Conscious Unparenting, by Kim Kinzie and Dawn Michael, is to our contemporary culture of modern American Parenting what the only sober person in a bar is to a room full of drunks: sense. If, like Kim and Dawn (and me), you are a mother who has ever felt the daunting expectations that our society places on modern American mothers begin to form fissures in your mind, cracks in your sanity, defects in your character and short circuits in your sense of humor, then this book is for you. But if you are a mother whose mind, sanity, character and sense of humor are still intact and highly functioning post childbirth, you can, and maybe should, skip it. If you aren’t sure which of these categories you fall into, let me assure you that your uncertainty indicates a hole in your brain put there by your kids and that you are in the first category.
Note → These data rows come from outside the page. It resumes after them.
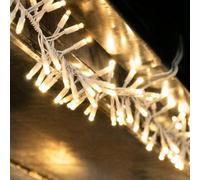 Christmas Tree World Crownvine 15M Cluster Lights Starter Set - 750 Leds Warm White - White Rubber Cable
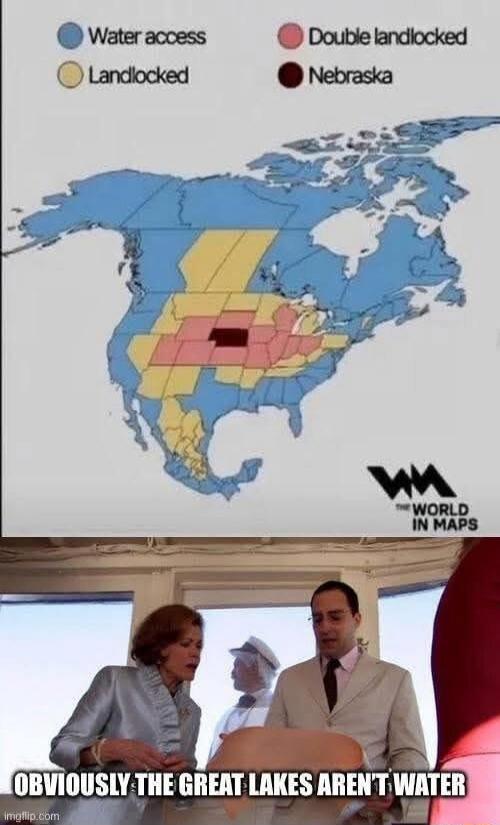 Water access (blue); Landlocked (yellow); Double landlocked (red); Nebraska (dark red). Obvious the Great Lakes aren't water.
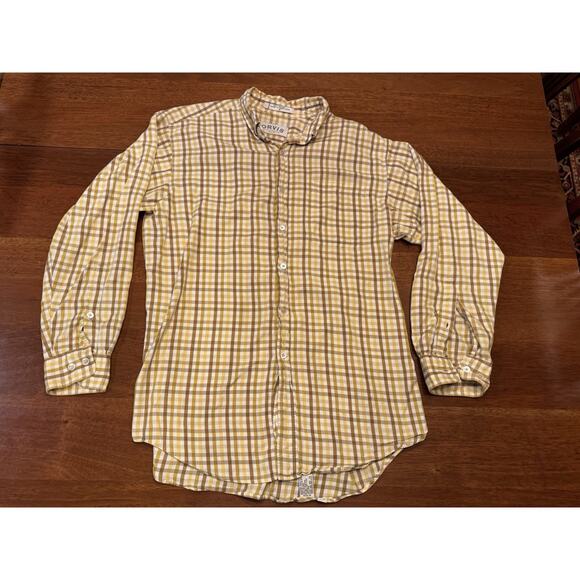 Medium Orvis Cotton Windowpane Checkered Button Down Shirt Long Sleeve Green - Picture 1 of 9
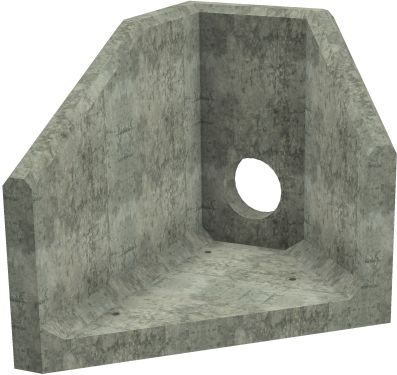 AH4C C LH Angled Headwall - 225mm ID pipe - 100mm Invert Level render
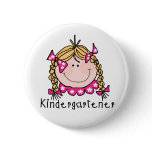 Kindergarten Girl Blond Hair Button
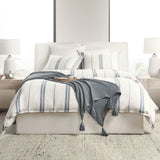 Jayson Blue Stripe Linen Cashmere Duvet Collection by Classic Home at Eve Furniture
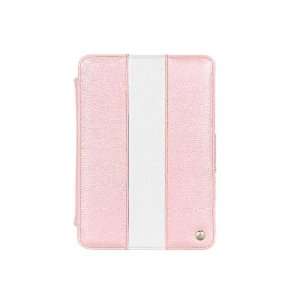   Leather Case Kios Type with 3 Angle Stand Pink / White Electronics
Read on. You’ll feel better.
Humorously told in alternating narration by the two authors, Conscious Unparenting provides personal accounts of the many pitfalls and difficulties of modern-day mothering, specifically, those related to not meeting a frighteningly high expectation of what it means to be a good mother. Put more simply, this book has the balls to point out that America wants mothers to dedicate themselves so exclusively to their children, to make the lives of those children so insular and so devoid of the slightest difficulty, to stop doing anything that doesn’t revolve around the perceived need to create a perfect and painless childhood for these children, that some of us are cracking and have had to define a new set of standards for ourselves in order to survive.
This insightful and honest book is based on the observation that parenting in the 1970s was a much more laid-back – but not negligent – endeavor, and that contemporary mothers would be well-served to incorporate some of that laid-back attitude into our current incessant and anxious hovering around our offspring. The authors are products of 1970s parenting. So am I. We were all fine until we had children of our own and society told us loud and clear that we may no longer have a single adult interest, that we must never, ever expect our children to entertain themselves or figure anything out on their own, and that we must be completely available to them the second they want us for whatever they want from birth through age 18 at all hours of the day and night. And that despite having no sleep, time or interests of our own, we must be happy all the time, too. The authors say hell to the no about this nonsense, and so do I. They encourage us to go out and buy disco balls as a means of representing some of that laid back ‘70s attitude in our 21st century mother mania. Sounds good to me. They also suggest that we mothers do a much better job of supporting each other – in person, not online – while telling the truth about what we feel as mothers. The truth? As in that driving kids to all their activities every week feels like torture sometimes? Or that playing another game of Candyland or Pick-Up-Sticks might actually kill us? Or that we really miss taking a shower without being interrupted three times in 15 minutes? Sounds refreshing to me. About as refreshing as a glass of Tang on a hot summer day in 1978.